I see it somewhat gross to pipe the output of "/bin/ls" to a Perl
script, instead of iterating over "while (<../map/*>)" inside the
script itself.

> +	    git hash-object -w --stdin )
> +	STATE_TREE=$(/bin/echo -e "100644 blob $STATE_BLOB\tfilter.map" | git mktree)
> +	STATE_PARENT=$(git show-ref -s "$state_branch")

Don't you already have this in $state_commit?

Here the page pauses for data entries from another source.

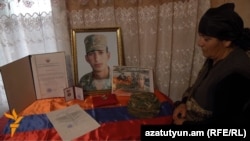 Armenia - The mother of Kyaram Sloyan, an Armenian soldier killed and decapitated in Nagorno-Karabakh, looks at his photogaphs, 10Apr2016.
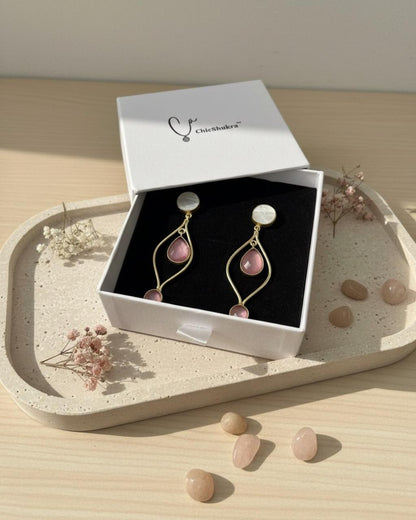White jewellery box with ChicShukra brass earrings featuring pink rose quartz and white pearl studs on a concrete tray with flowers and stones.
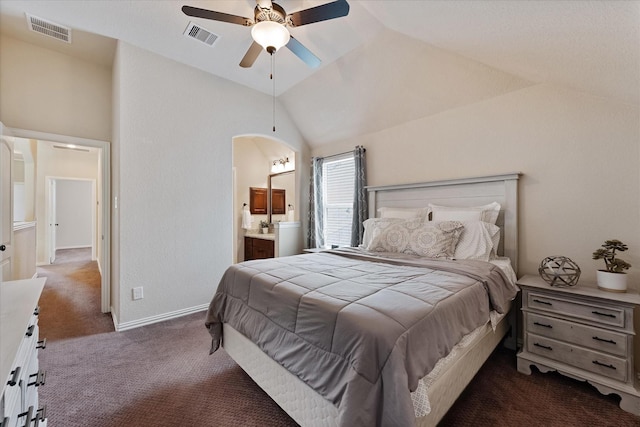 515 Arbor Point Ct, Pinehurst, TX 77362 - carpeted bedroom featuring arched walkways, lofted ceiling, ensuite bathroom, ceiling fan, and baseboards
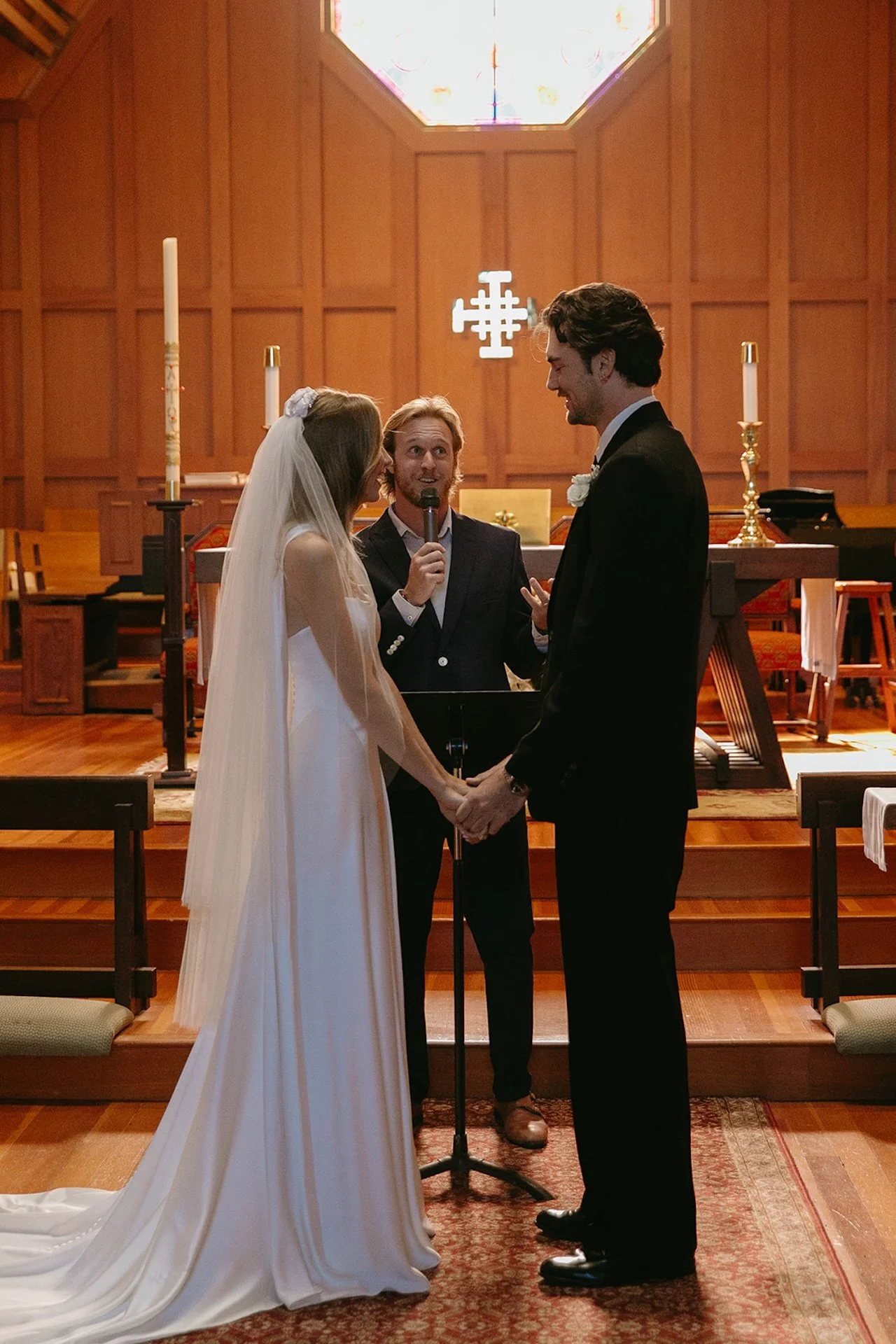Bride and groom holding hands while exchanging vows during their intimate Laguna Beach wedding ceremony inside a wooden church.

One advantage of reading $state_branch again at this point is to
detect mistakes of running more than one filter-branch (which may
cause you to read $STATE_PARENT that is different from $state_commit
you read earlier), but I do not think that is being done here, so...

> +	unset GIT_AUTHOR_NAME GIT_AUTHOR_EMAIL GIT_AUTHOR_DATE
> +	unset GIT_COMMITTER_NAME GIT_COMMITTER_EMAIL GIT_COMMITTER_DATE

Hmph.  I can see that you are trying not to be affected by the
committers and authors of the commits on the branch being filtered
(which are set by finish_ident shell function), but I wonder if we
could (and more importantly "want to") do better to preserve the
real committer the user who runs the script may have in the
environment before running it.  I guess it does not matter that
much, as long as the user has properly user.{name,email} configured
elsewhere without relying on the environment variable.

> +	if [ -n "$STATE_PARENT" ] ; then
> +	    STATE_COMMIT=$(/bin/echo "Sync" | git commit-tree "$STATE_TREE" -p "$STATE_PARENT")
> +	else
> +	    STATE_COMMIT=$(/bin/echo "Sync" | git commit-tree "$STATE_TREE" )
> +	fi
> +	git update-ref "$state_branch" "$STATE_COMMIT"
> +fi
> +
>  cd "$orig_dir"
>  rm -rf "$tempdir"

Despite all the above comments, I like what you are trying to
achieve here.  Thanks for sharing.